A última folha do calendário, prestes a ser rasgada. Deitada ao lixo, despede-se mais um ano que passou. Para dar lugar ao ano novo que se acerca. Passagem de testemunho que franqueia a introspecção. Procuram-se balanços. Esboçam-se promessas. Diagnósticos das características vãs que teimam em conviver com o eu que habita em mim. Quando há coragem, passa-se em revista o que menos satisfez na exegese do eu. E se há vontade para varrer do mapa pontos negros, a dobragem do ano é ocasião perfeita para agendar a mudança.

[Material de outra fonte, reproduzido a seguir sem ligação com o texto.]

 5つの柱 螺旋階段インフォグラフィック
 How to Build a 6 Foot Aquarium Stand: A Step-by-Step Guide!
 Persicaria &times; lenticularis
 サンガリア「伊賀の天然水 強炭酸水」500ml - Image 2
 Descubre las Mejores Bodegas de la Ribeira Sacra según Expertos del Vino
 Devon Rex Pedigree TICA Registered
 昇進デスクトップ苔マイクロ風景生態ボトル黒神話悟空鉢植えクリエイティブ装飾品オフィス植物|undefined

E, contudo, nada mais do que uma ilusão. Somente uma contagem do tempo, tão igual à que se sucede todos os dias, dia após dia. O que muda é ofício da artificialidade do calendário. É ver que o dia 31 de Dezembro é o último dia do ano, uma fasquia imaginária. Nada se passa como se o dia seguinte, o dia que acolhe um ano novo, fosse um dia de uma vida nova. A vida permanece a mesma, imune aos truques do calendário que anuncia um ano novo.

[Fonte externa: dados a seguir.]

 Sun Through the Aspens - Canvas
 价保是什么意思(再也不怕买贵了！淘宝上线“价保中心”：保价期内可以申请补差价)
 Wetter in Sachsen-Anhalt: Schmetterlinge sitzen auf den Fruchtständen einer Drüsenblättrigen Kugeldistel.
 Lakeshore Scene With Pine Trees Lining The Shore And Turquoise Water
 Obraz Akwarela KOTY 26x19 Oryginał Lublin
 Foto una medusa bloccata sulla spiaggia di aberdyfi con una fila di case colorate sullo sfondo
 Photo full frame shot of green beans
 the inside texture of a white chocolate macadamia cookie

Os fatalistas olham para o ano neófito como se o horizonte se toldasse de sombrias nuvens. Mais um ano que passa, mais um adicionado à idade. Com o avançar da idade, cavam-se as imagens fantasmagóricas que o ano novo anuncia. A inevitável interrogação: “será o último?” Para os que olham para o tempo que se avizinha com os olhos de um optimista, a passagem do ano clareia o horizonte. Como se o ano acabasse com o céu tingido de nuvens negras, no cansaço do ano velho que se despede; e o novo ano soprasse uma aragem límpida, revigorante, um anticiclone que afasta as carregadas nuvens para paragens distantes. O ano novo varre o cansaço do ano que se vai embora. Por magia, tudo muda ao dobrar a folha do calendário, ao arrumar no lixo a agenda do ano que acaba, ao abrir a primeira página da agenda do ano que se inicia.

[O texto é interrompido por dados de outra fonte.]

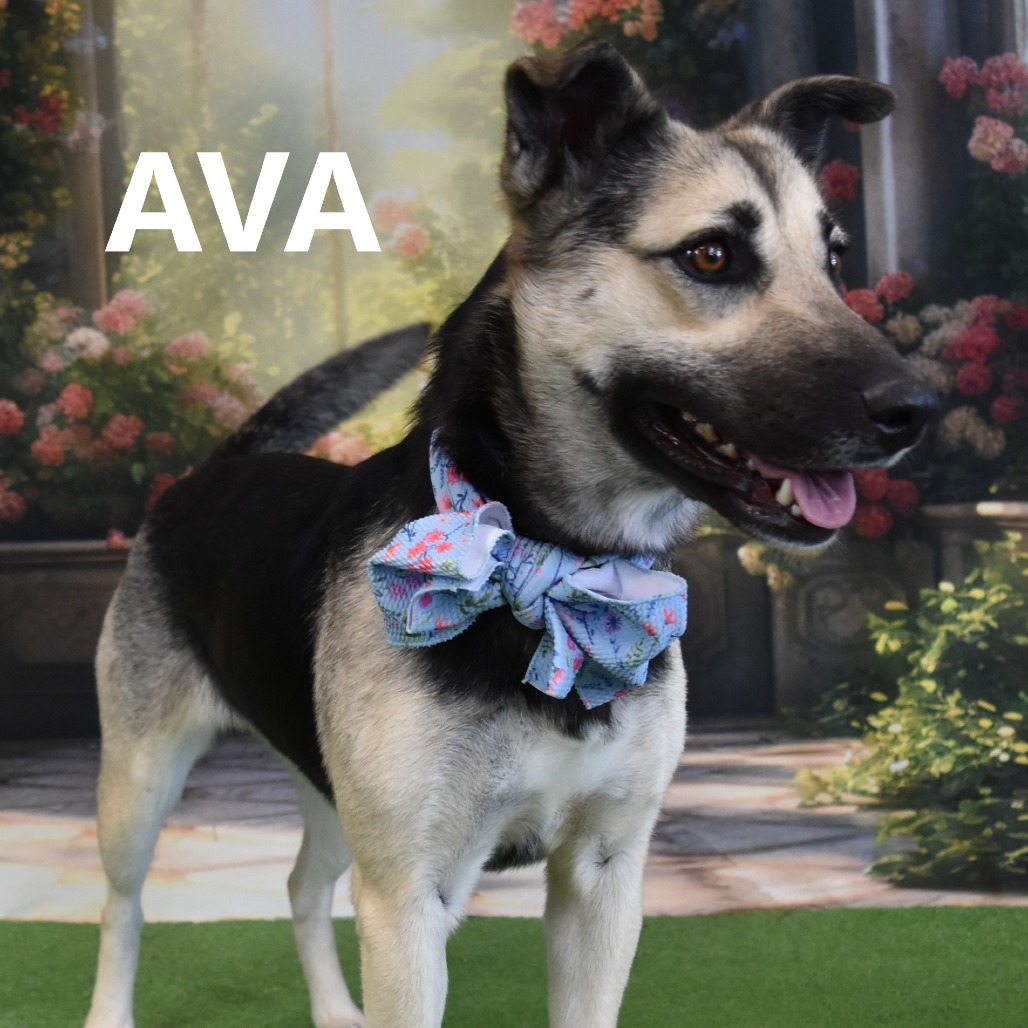 Ava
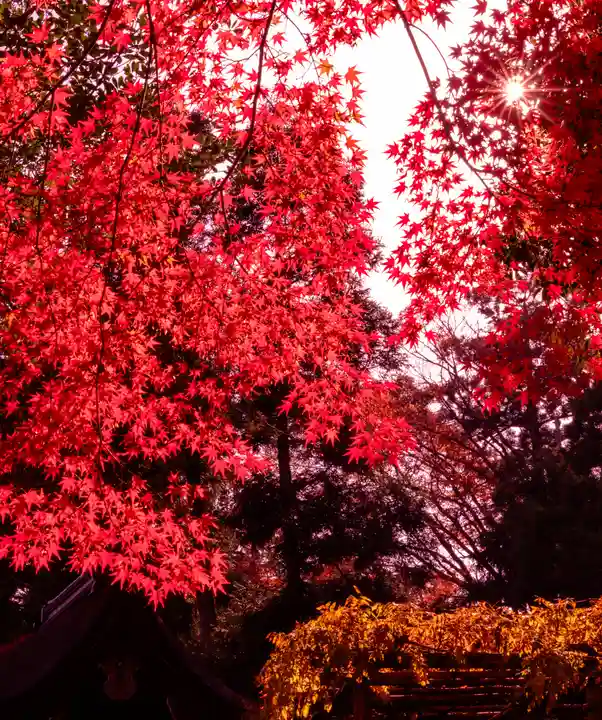 賀茂別雷神社(上賀茂神社)(京都府)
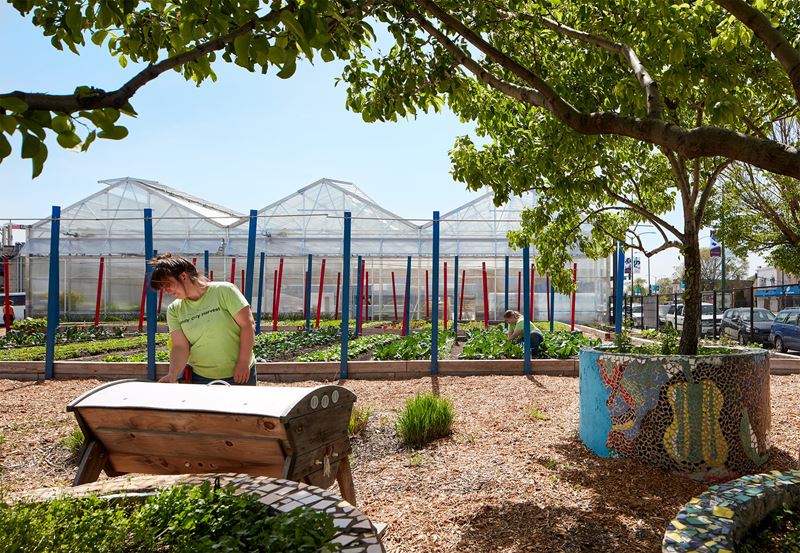 Farm on Ogden receives AIA Illinois Honor Award for Greatest Impact
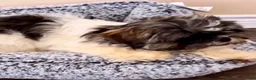 Shih Tzu dogs for sale: Shih Tzu 1 - Ad 1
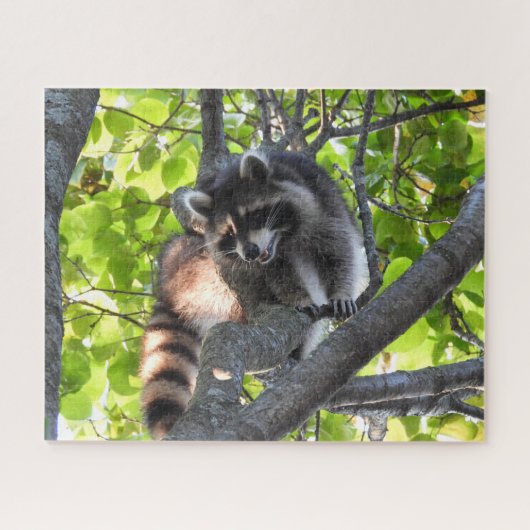 Raccoon in een boom legpuzzel (Horizontaal)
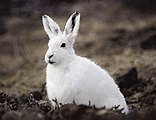 Arctic Hare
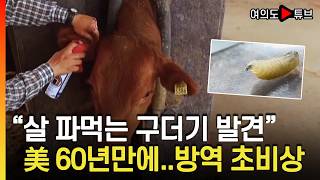 [여의도튜브] 송아지서 발견...드물게 사람도 감염 / 머니투데이방송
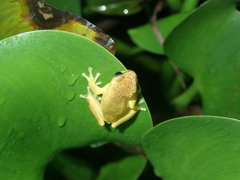 Dendropsophus carnifex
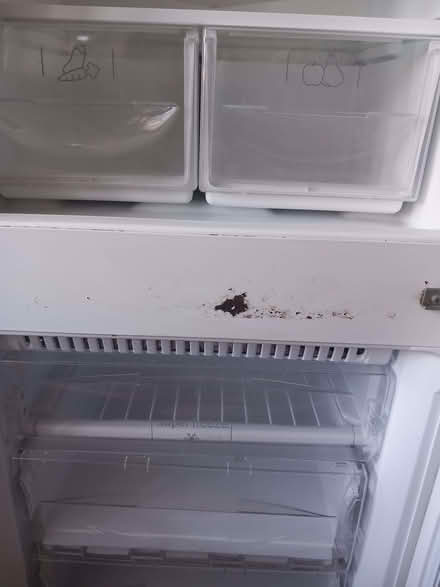 Photo of free Large Fridge/freezer (Wallasey CH44) #3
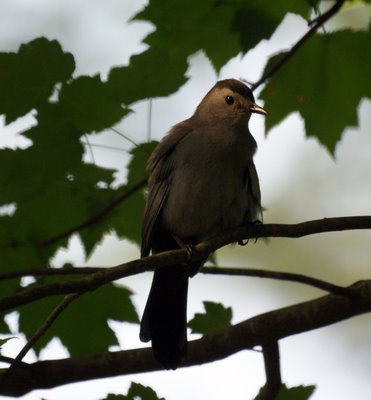 Catbird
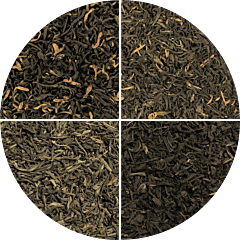 Estate black tea sample selection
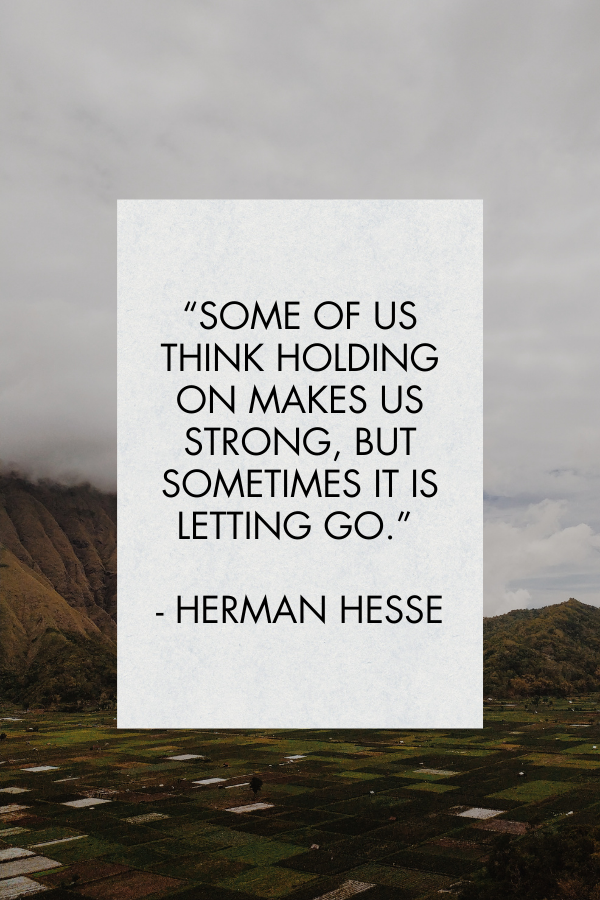 A letting go quote by Herman Hesse
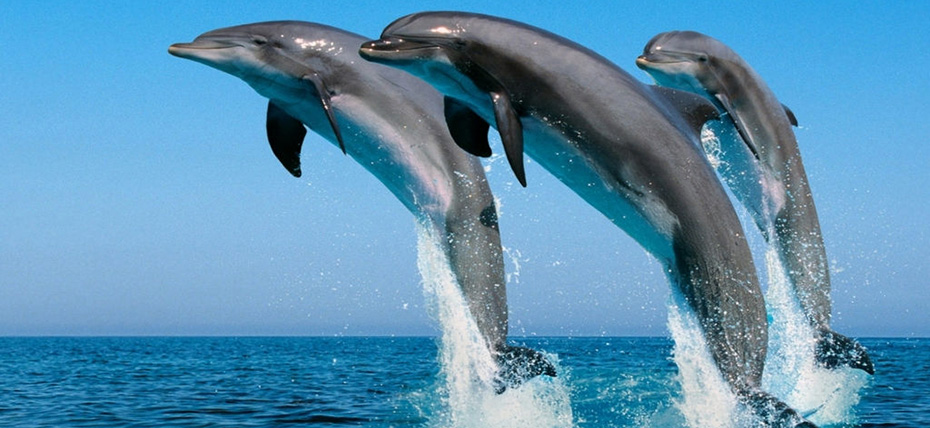 澳大利亞、新西蘭澳妙無瓊11日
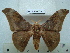  ( - BC-EST0678)  @14 [ ] Copyright (2010) Unspecified Research Collection of Yves Estradel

O dia que culmina o percurso de um ano serve para olhar para trás, ver o caminho percorrido. Ver o que teria sido diferente, voltasse o tempo atrás. Reiterar as coisas boas que o ano trouxe, as conquistas, os feitos, os actos enobrecidos, os contentamentos pessoais. E gizar planos. Os votos de feliz ano novo, para o interior de cada um e para os demais. Com a subjectividade da expressão. O desejo de bom ano novo é um cardápio aberto, deixado à consideração de quem se destinam os votos. Quando desejo feliz ano novo estou a dar a chave da liberdade de interpretação. Como quem diz: desejo-te bom ano novo, faz dele o que entenderes para que tenhas um ano pleno.
Ao dobrar o ano, sempre, planear um ano que nunca seja pior que o último. Na condescendência pessoal de pretender que a vida que dobra os anos é a escalada de uma montanha. Um acumular de feitos, na contabilização das virtudes individuais, o deve e haver dos momentos de felicidade que contrastam com momentos de tristeza. O esboço de um ano feliz, um ano melhor, deixa no ar a ideia de que ano após ano o balanço que se faz quando finda um ano há-de ser melhor. Daí a ideia de escalada. Com a passagem dos réveillons, sempre a convicção de que há mais para celebrar nos passos dados na edificação da felicidade pessoal.
Por vezes os planos saem furados. E o balanço de final de ano revela decepções dos trezentos e sessenta e cinco dias passados, saldo negativo no deve e haver de coisas boas e coisas más. Momento para evitar a fustigação do espírito, ou o derrotismo em que se mergulha, nutriente da desesperança, contagia os evitáveis momentos maus.
É no balanço de anos mais desafortunados que se redobra a busca de forças no mais recôndito do ser. Fazer das forças mais ténues musculadas energias para inscrever o ano novo na rota das sensações reconfortantes. Não pela convicção de que pior ano será tarefa impossível. Apenas pela vontade de saborear as coisas belas que a vida agracia. Para, trezentos e sessenta e cinco dias depois, ter na boca o doce sabor de um ano vivido com toda a força, sem lugar às frustrações tantas vezes aprimoradas sem razão aparente, que não seja o estúpido cansaço da felicidade que bafeja os dias solarengos que desfilam ao longo de um ano.